Charles Beatty Moore (1836–1911)

An attorney and founder of Second Presbyterian Church in Little Rock (Pulaski County), Charles Beatty Moore made his home in Little Rock and then Texarkana (Miller County) and served two terms as attorney general of Arkansas.

Charles Beatty Moore was born on March 31, 1836, in Little Rock, one of eight children of Presbyterian minister James Wilson Moore and Elizabeth Green Moore. (Another of the eight was Henry Moore.) In 1840, the family relocated to their home near Sylvania, which they named Ruralia, in present-day Lonoke County. Like his parents, he actively served in the Presbyterian faith throughout his life. He likely received his early education from his father at Sylvania Academy, which his father founded circa 1840. In 1855, he was listed as a student at Washington College (present-day Washington and Lee University), and in 1857, he was listed as a graduate of Princeton.

By 1860, Moore and one of his younger brothers, physician James Wilson Moore Jr., were living in Monroe County in the household of a wealthy planter named George Washington, and Charles was practicing law.

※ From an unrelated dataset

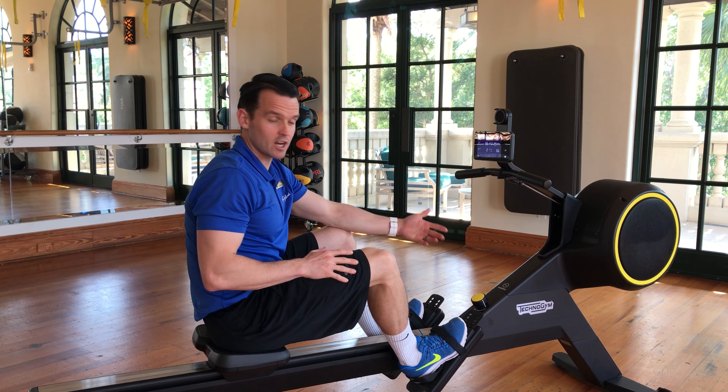The healthy position of the resistance is right in front of you there. You've got air resistance and magnetic resistance on this roller. The handle is in a favourable position too.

His older brother William Enoch Moore, a merchant, also lived in Monroe County at that time.

During the Civil War, like his five brothers, Moore served the Confederacy. He was a major and quartermaster under Sterling Price’s Division, with Brigadier General Dandridge McRae’s staff, having been appointed on January 21, 1863. He also served under the command of General Thomas James Churchill and General John Bankhead Magruder and was in service through the close of the war, being paroled at Shreveport, Louisiana, on June 7, 1865.

After the war, Moore settled in Little Rock, where he married Louisa Booker Green on November 7, 1865. Their home was at 619 West 2nd Street, and his law offices were located at 112 West Markham. The couple had five children, though only two survived to adulthood. Their second son, Carl Moore, drowned in the Arkansas River while swimming with friends on June 12, 1885. He had celebrated his sixteenth birthday five days prior to the accident.

A lifelong Democrat, Moore was elected prosecuting attorney of Prairie County in 1866. During the turbulent period of Reconstruction and the Brooks-Baxter War, Moore was a supporter of Elisha Baxter, alongside his former commanding officer Thomas James Churchill and other prominent citizens of Little Rock, such as Uriah Milton Rose, with whom he was closely associated. In 1878, Moore announced his candidacy for Arkansas attorney general. He won the elections of 1880 and 1882 and served two terms, from 1881 to 1885, being succeeded by Daniel Webster Jones of Washington (Hempstead County).

Among his many civic pursuits, he served with the Little Rock Chamber of Commerce, as an alderman representing the fourth ward on the Little Rock City Council, and in various capacities with the Little Rock Library Association and the Little Rock Relief Society. He worked for the betterment of public schools in Little Rock and was a charter member and recording secretary of the Arkansas Historical Society, which was founded in 1878. He served as a founding board member of the Little Rock Young Men’s Christian Association (YMCA), and he also became a member of the United Confederate Veterans (UCV) and worked in support of its postwar projects in service to Confederate veterans.

Margaret Rose, wife of attorney Uriah Milton Rose, mentioned Moore in a historical sketch of Second Presbyterian Church of Little Rock. According to Rose, First Presbyterian Church had intended to start a mission and was in the process of erecting a building on Fourth and State Streets. Wanting to keep pace with Little Rock’s growth, however, the church instead turned the property over to a new congregation, which was called Second Presbyterian. Moore was made elder upon the founding of the church in April 1882, and Rose detailed that Moore was “for some time the only elder and surely no church ever had a more efficient one. He looked after everything that concerned the church’s welfare.”

In 1902, the Arkansas Democrat Co. published The History of Presbyterianism in Arkansas, 1828–1902, which was compiled by Charles Beatty Moore, Margaret Rose, and others.

Around 1903, Moore moved with his wife to Texarkana, where he continued practicing law and served on several boards, including the State Insurance Company, the American Investment Company, and the State Investment Company. He also served as a referee in bankruptcy, which was a federal position created by the Bankruptcy Act of 1898 until it was abolished by the Bankruptcy Reform Act of 1978.

Moore died on December 6, 1911, in Texarkana. His funeral was conducted at Second Presbyterian Church in Little Rock with the Reverend Hay Watson Smith officiating. He is buried at Mount Holly Cemetery, along with his wife, Louisa Moore, who died in 1912, and three of their five children.

For additional information:
“Funeral of Major Chas. B. Moore Today,” Arkansas Democrat, December 7, 1911, p. 3.

The History of Presbyterianism in Arkansas, 1828–1902. Little Rock: Arkansas Democrat Co., 1902. Online at https://www.logcollegepress.com/charles-beatty-moore-18361911/ (accessed February 27, 2026).

“Major C. B. Moore is Dead.” Arkansas Gazette, December 7, 1911, p. 7.